The facts are not seriously disputed.   The lift truck in question had been leased by respondent some 6 months prior to June 19, 1974, the date of the inspection (Tr. 57).   The employees in question had been specifically instructed to use their belts when aloft in the basket (Tr. 52-53).   No written instructions had been issued by respondent (Tr. 58).   Respondent's project manager made follow-up inspections and whenever he did so he would look to see if the men wore their safety belts and said "And if I ever saw them without them, I would mention it to them.   Just about every time I saw them they had it on." (Tr. 57-58).   However, when he was asked if any employees were ever disciplined for not wearing safety belts he said: "If you mean fired, or such as that, no.   We had a lot of conversations about it." (Tr. 58).   I am not satisfied that the efforts [*11]   to enforce the standard described by the project manager satisfy the standard required for a finding of "isolated occurrence" under the ruling in Sec. v. Standard Glass Co., Inc.; 1 OSAHRC 594 (1972). See also, Sec. v. Murphy Pacific Marine Salvage Company, OSAHRC Docket No. 2082 (January 13, 1975), and I must perforce find that respondent violated the standard at 29 CFR 1926.556(b)(2)(v) as alleged in Item 1 of the citation herein.   The proposed penalty in the sum of $70.00 is, under the circumstances of this case, reasonable and appropriate.

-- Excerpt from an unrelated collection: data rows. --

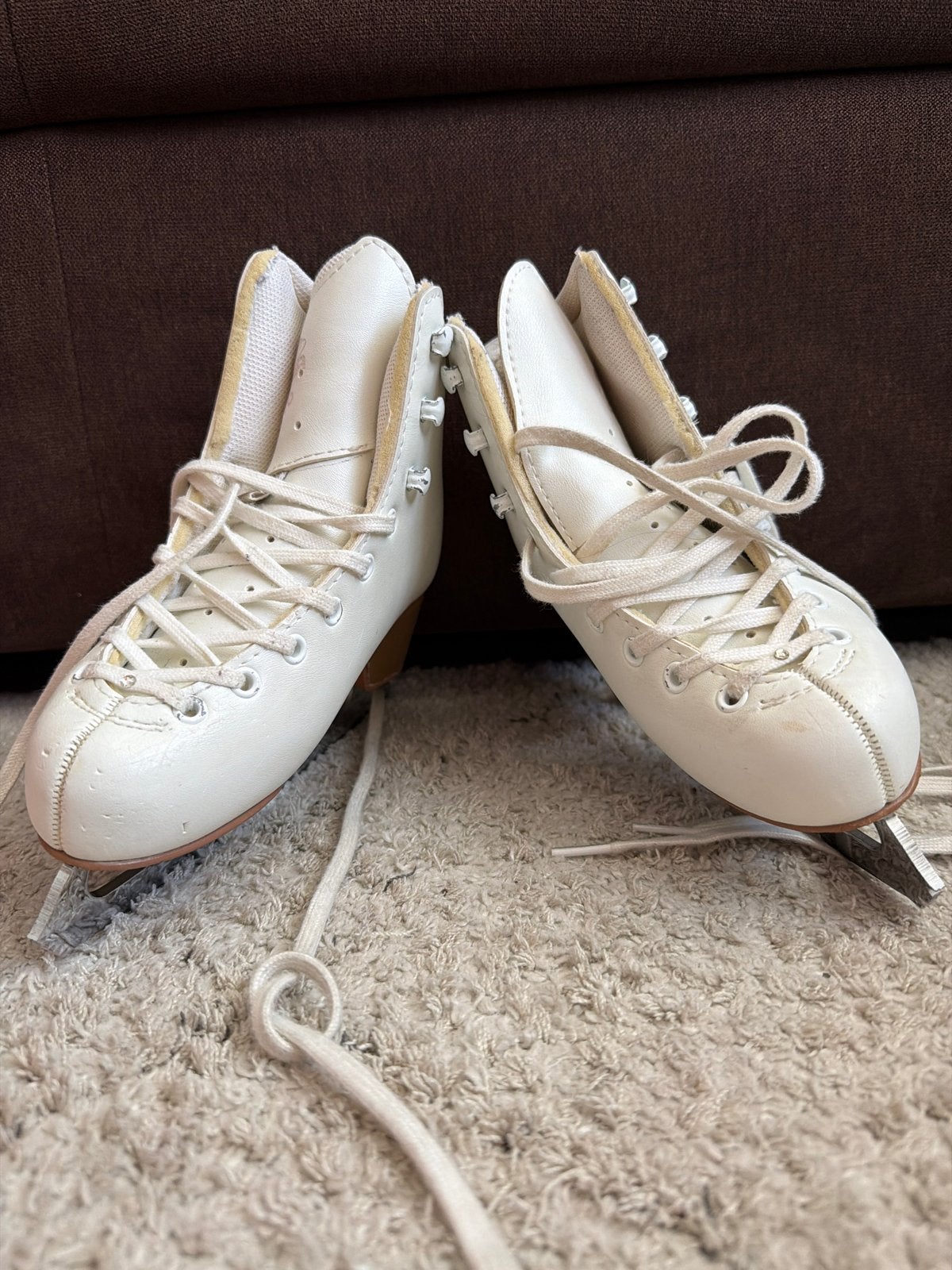 Edea Brio kunstschaatsen maat 215 (EU 33-34) met Balance ijz, Ophalen, Zo goed als nieuw, Kunstschaatsen, Overige merken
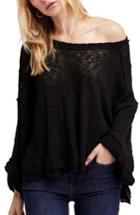 Women's Free People Island Girl Hacci Tee - Black
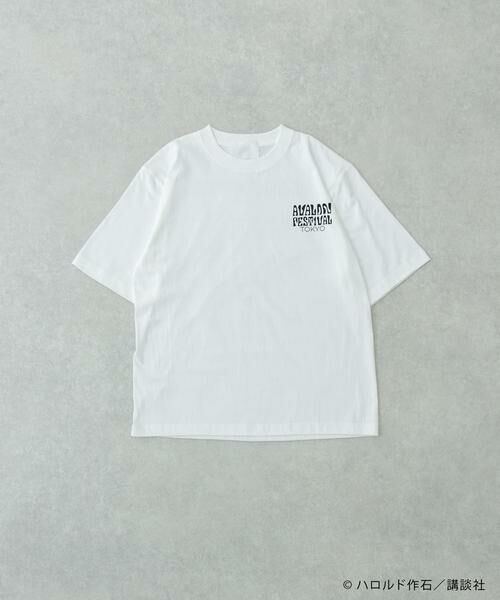 URBAN RESEARCH/A[oT[` AVALONFES BACK PRINT T-SHIRTS zCg L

With reference to the allegation of violation in Item 2 of the citation herein, the employee in question was working as a cement finisher helper who was assigned to supply the workmen in the aerial lift and had not been detailed as a flagman (Tr. 49).   At the point where the aerial lift truck was positioned, the road consisted of two lanes running in each direction (Tr. 33).   The truck's outriggers extended for some distance into the right-hand lane (Tr. 32-33) and the truck had been outlined by traffic cones (Tr. 35).   The automobile containing the complainant's compliance officers approached the lift truck and was waved around [*12]   by the aforesaid employee who wore a hard hat but no vest and carried no flag (Tr. 23).   One compliance officer stated that the said employee was waving traffic around the lift truck (Tr. 16-17).   However, the other compliance officer stated that it was because the aerial lift truck projected "a good bit" into the right-hand lane, "That was the reason I felt the flagman was there flagging them around." (Tr. 28).   Complainant has not established that the helper had been assigned as and was acting as a flagman.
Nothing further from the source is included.